* [The task]
Leaving out every picture, please repeat exactly the line that contains "Khaki crew neck pocket pleats top 상품이미지1" and each line after it through the final line below.

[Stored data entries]
"""
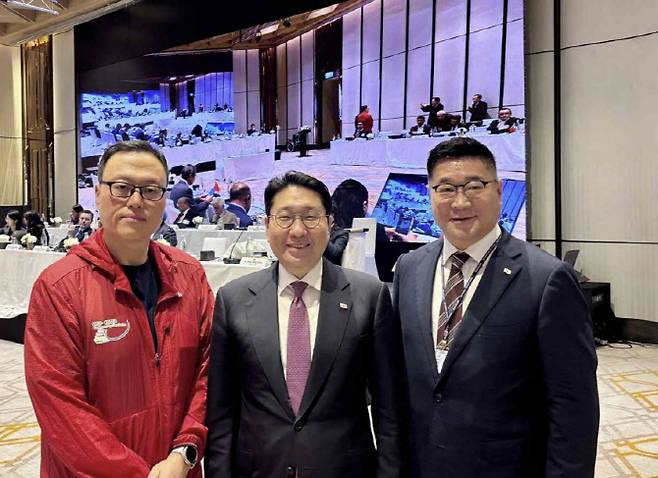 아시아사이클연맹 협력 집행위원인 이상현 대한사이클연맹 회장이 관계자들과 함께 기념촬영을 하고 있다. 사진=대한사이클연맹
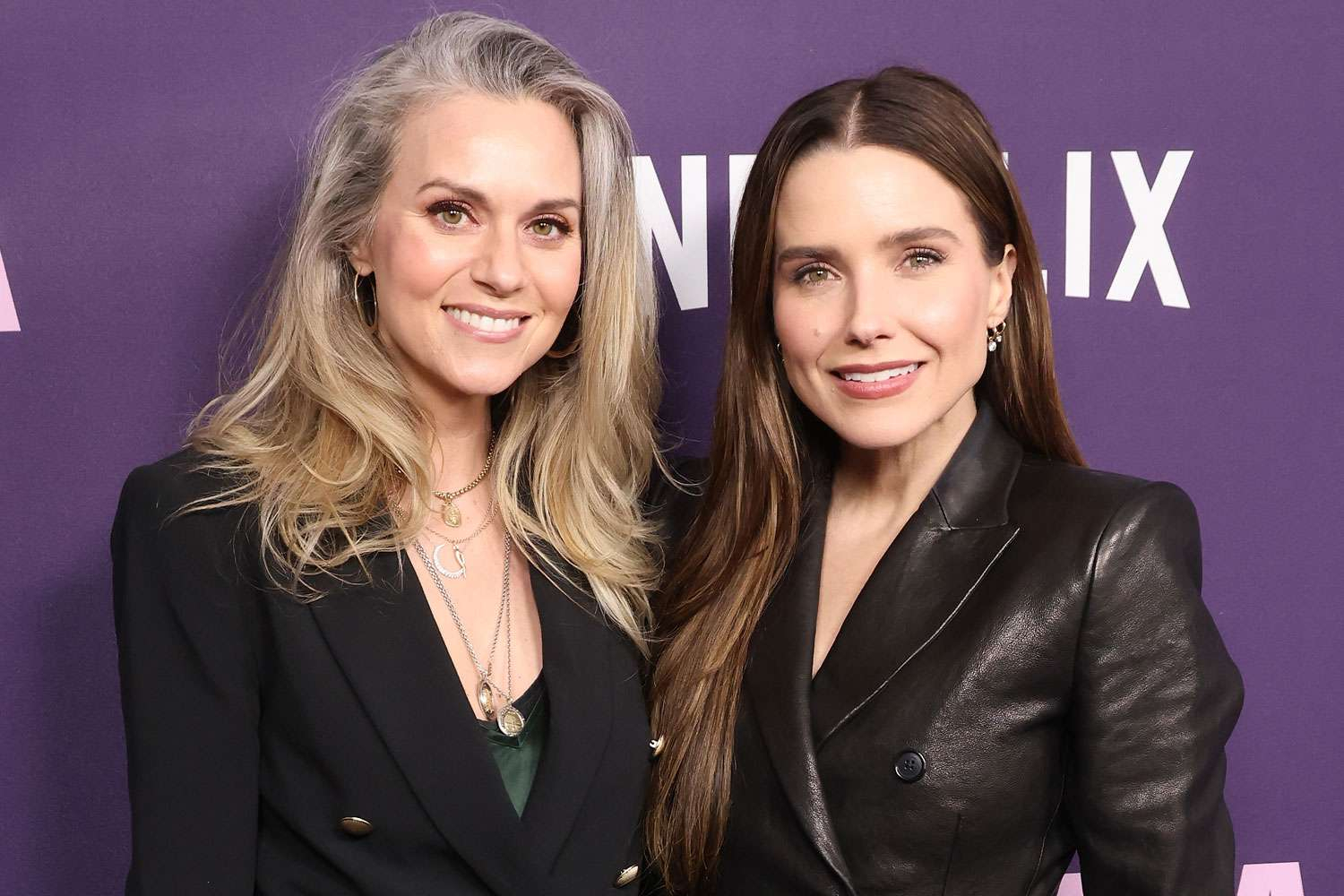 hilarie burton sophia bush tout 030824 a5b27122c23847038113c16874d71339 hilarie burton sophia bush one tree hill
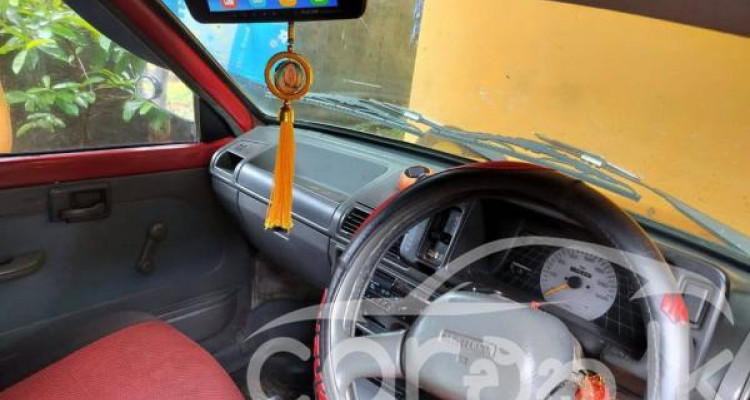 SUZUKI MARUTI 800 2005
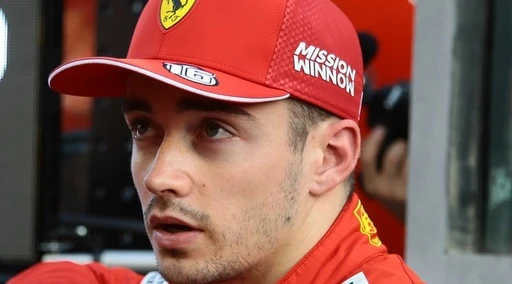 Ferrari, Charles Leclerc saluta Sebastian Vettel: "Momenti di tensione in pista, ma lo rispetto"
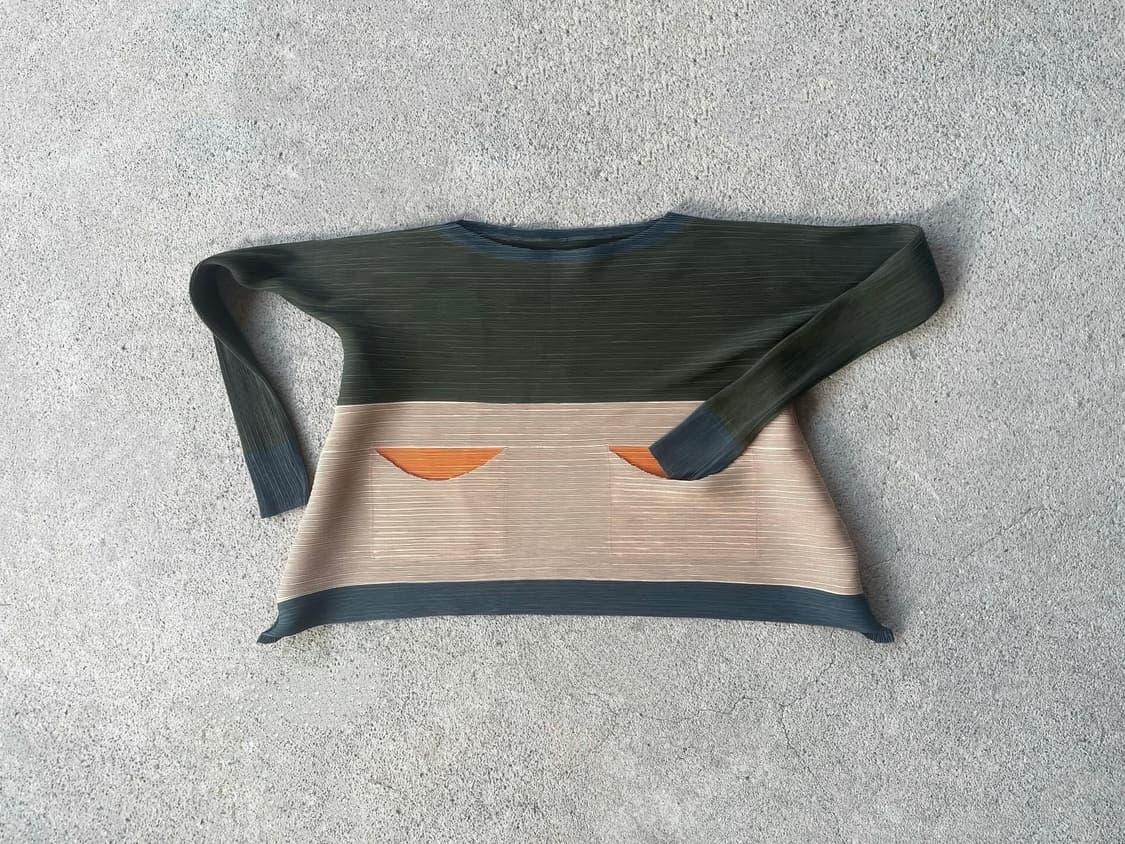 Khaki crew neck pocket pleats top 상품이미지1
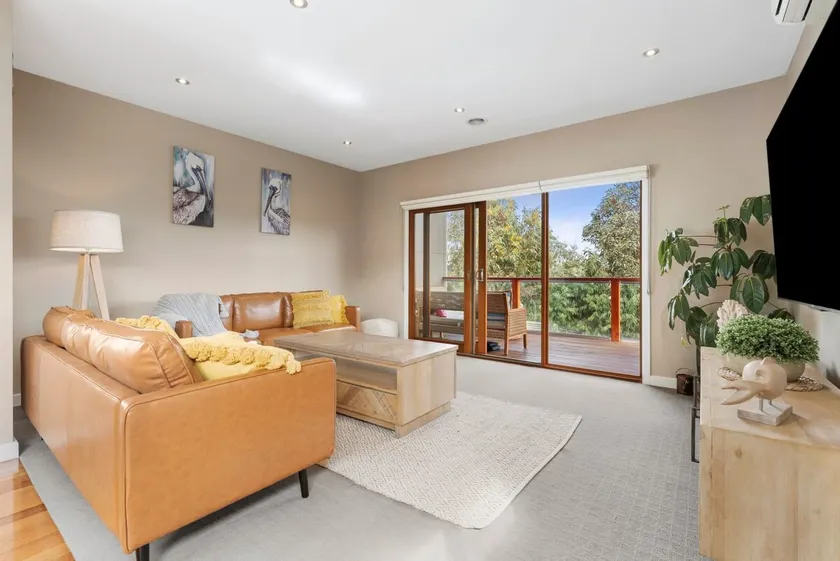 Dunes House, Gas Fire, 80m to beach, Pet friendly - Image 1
"""
* [Solution for this task]
 Khaki crew neck pocket pleats top 상품이미지1
 Dunes House, Gas Fire, 80m to beach, Pet friendly - Image 1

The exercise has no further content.